# Your objective:
Print them exactly: the lines from the beginning of the entries below through the line that contains "May include: Three", and only those, with the pictures left out.

# Provided entries:

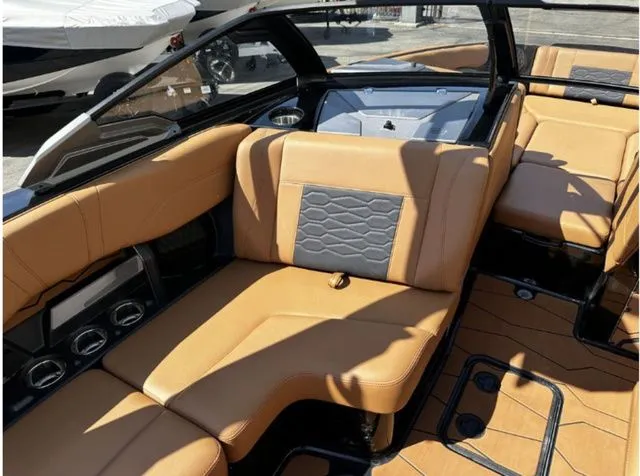 Slide: The Image of Interior of 2026 Malibu Wakesetter 23 MXZ with luxurious leather seating. - 7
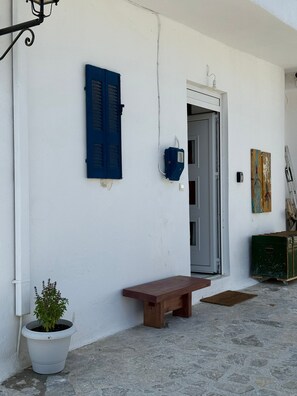 A white building with a wooden bench, a potted plant, and a door. - 3-bedroom villa in pleasant Kalo Chorio with AC and charm (Kalo Chorio)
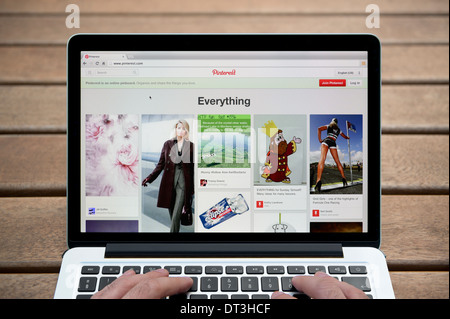 Die Pinterest-Website auf einem MacBook Hintergrund eine Holzbank im Freien einschließlich eines Mannes Finger (nur zur redaktionellen Verwendung). Stockfoto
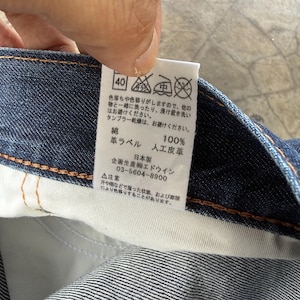 May include: A close-up of a tag attached to denim fabric. The tag has Japanese text and care symbols, including a 40-degree wash symbol. The tag also indicates the material composition: 100% cotton and artificial leather.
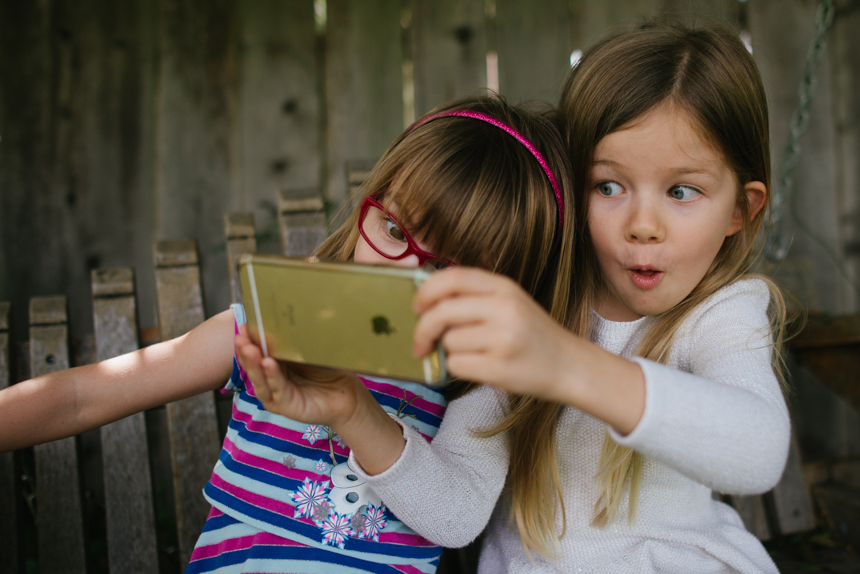 girls play on smartphone - Documentary Family Photography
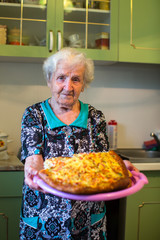 Elderly woman in the kitchen with a pie in his hands.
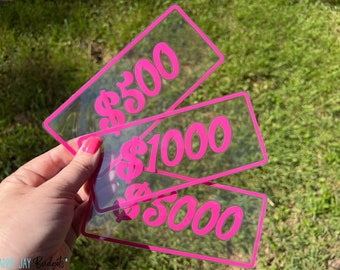 May include: Three clear plastic cards with pink borders and pink dollar amounts printed on them. The cards read "$500", "$1000", and "$5000".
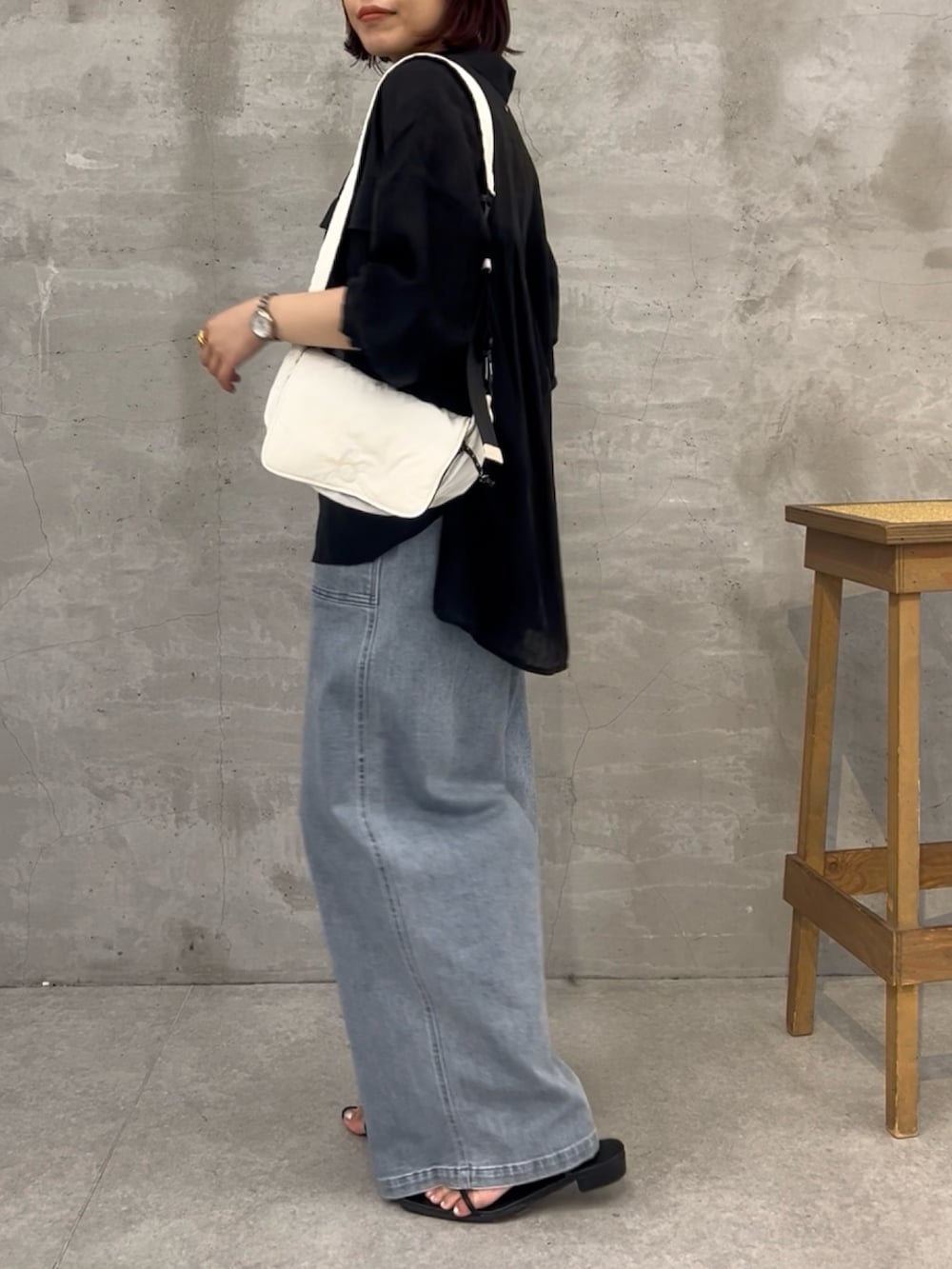 ブルー系のデニムパンツ、ブラック系のシャツ/ブラウス、ブラック系のショルダーバッグを着用したレディースの夏コーディネートの4枚目の写真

# Answer for the task:
 Slide: The Image of Interior of 2026 Malibu Wakesetter 23 MXZ with luxurious leather seating. - 7
 A white building with a wooden bench, a potted plant, and a door. - 3-bedroom villa in pleasant Kalo Chorio with AC and charm (Kalo Chorio)
 Die Pinterest-Website auf einem MacBook Hintergrund eine Holzbank im Freien einschließlich eines Mannes Finger (nur zur redaktionellen Verwendung). Stockfoto
 May include: A close-up of a tag attached to denim fabric. The tag has Japanese text and care symbols, including a 40-degree wash symbol. The tag also indicates the material composition: 100% cotton and artificial leather.
 girls play on smartphone - Documentary Family Photography
 Elderly woman in the kitchen with a pie in his hands.
 May include: Three clear plastic cards with pink borders and pink dollar amounts printed on them. The cards read "$500", "$1000", and "$5000".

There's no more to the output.